昨今、性的マイノリティの権利擁護についての議論が盛んです。人の性的指向(Sexual Orientation)や性自認(Gender Identity)は十人十色で、我々は皆、本来グラデーションのどこかに位置しており、それは個人の「いち個性」に他ならないため、相手の性格を互いが認めあうように、それぞれが相手の性的個性を認め、尊重する社会を実現しようという議論です。

そんななか、先日沖縄県宜野湾市議会で、「市男女平等及び多様性を尊重する社会を推進する条例」案をめぐる審議が行われましたが、「性的指向」や「多様性」などの文言を理由に主要与党会派が反対したため、否決されるという事態が起きました。反対した議員の意見は「議論が不十分」といったものでしたが、性の多様性の問題を正しく理解しているのか、甚だ疑問なしとしません。

目を国外に転ずれば、本年6月、米国連邦最高裁が「職場での性的マイノリティの差別が公民権法に定める『性別による差別』にあたり、違法である」との判断を下し、世界的に話題となりました。何十年にも及ぶ当事者たちの戦いが実を結んだ結論といわれていて、彼我の違いを感じさせます。

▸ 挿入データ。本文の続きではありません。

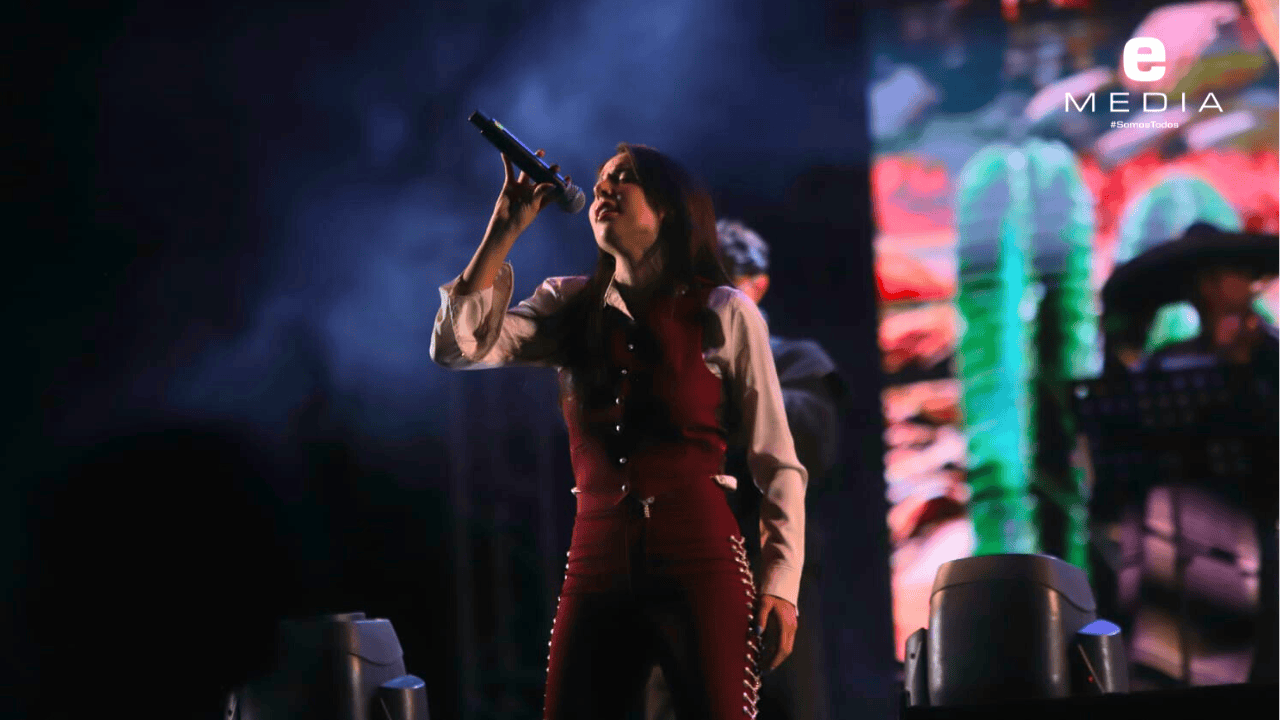 Majo Aguilar revive el alma ranchera en la Explanada de las Estrellas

ただ、日本においても進展がないわけではありません。例えば、昨年12月12日に東京地裁で言い渡された「経済産業省事件判決」です。これは、身体的に男性であるトランスジェンダーに対して、職場の女性トイレを自由に使用させることを命じた事例で、職場における性的マイノリティの権利を正面から認めた点で、とても意義ある先例となりました。今後も、このような判断が積み重ねられる必要があります。

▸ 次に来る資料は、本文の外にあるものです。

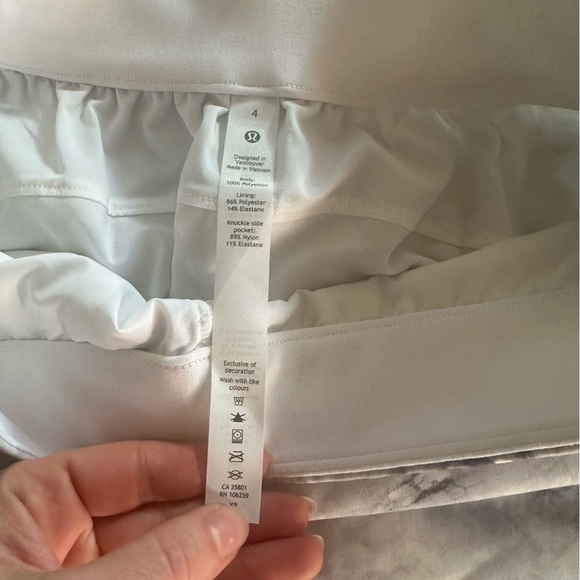 Lululemon Flat-Front Relaxed Short 4.5" Aquila Rhino Grey Multi Sz 4 NWOT - Picture 10 of 15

我々はどうしても、「男はこうあるべき」、「女性は男性と交際するもの」といった、ジェンダー・バイアスを抱きがちです。しかし、本来、人間の性は男女のどちらかに限ったものではなく、一連のグラデーションのなかに、豊かなバリエーションのある形で存在するものと考えるのが正しいのではないでしょうか。

このような理解を通じて、誰もが住みやすい、バリアの少ない社会が実現することを願っています。弁護士法人天方川崎法律事務所は、性的マイノリティの方々の権利擁護活動を支援しています。